While advancements in Unmanned Aerial Vehicles (UAVs) have emerged as a “buzzworthy” topic for the military and government in recent years, the technology has served our nation well for more than a century. At least two years before the Wright brothers’ first crewed flight on December 17, 1903, warfighters deployed archaic UAV technology for combat and surveillance.
Since then, technological innovation–including satellite communications (SATCOM)—has greatly expanded capabilities to accommodate constantly shifting Department of Defense (DoD) user demands. Military operations are increasingly reliant upon UAVs for a range of Command and Control (C2) and Airborne Intelligence, Surveillance, and Reconnaissance (AISR) missions. Many of these missions require Beyond Line of Sight (BLOS) communications links that enable these platforms to deliver intelligence in real-time.

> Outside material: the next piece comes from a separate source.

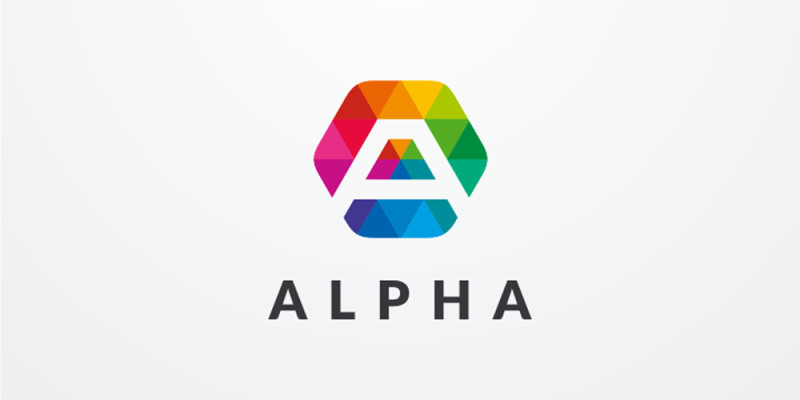Letter A Hexagon Colorful Logo Design Vector v24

Also, AISR and other highly mobile government communities increasingly deploy sensors to maximize their effectiveness and reach. Further innovations in tactical UAVs and Remotely Piloted Aircraft Systems (RPAS) add capabilities to the mix, yet also come with their data and C2 requirements. These factors increasingly drive demand for high-throughput bandwidth availability and reliability.
With such developments steering industry and government toward the path of a productive partnership, there is a great opportunity to work together to augment and complement existing and future military SATCOM (MILSATCOM) in support of these highly agile airborne operations with global coverage, high-throughput, small-footprint antennas, and anywhere/anytime connectivity, along with SATCOM diversity, reliability and security.
The satellite industry, in response, is delivering advancements in the form of improved capabilities and business models – such as SATCOM as a Service, with always-on access to reliable SATCOM, anytime and anywhere – that allows the DoD to leverage complementary commercial satellite communications (COMSATCOM). Leveraging commercial satellite boosts the effectiveness, flexibility, and resiliency of MILSATCOM systems for dynamic and global crewless missions, with Ka-band emerging as the optimal option due to its ability to interoperate with military satellite resources.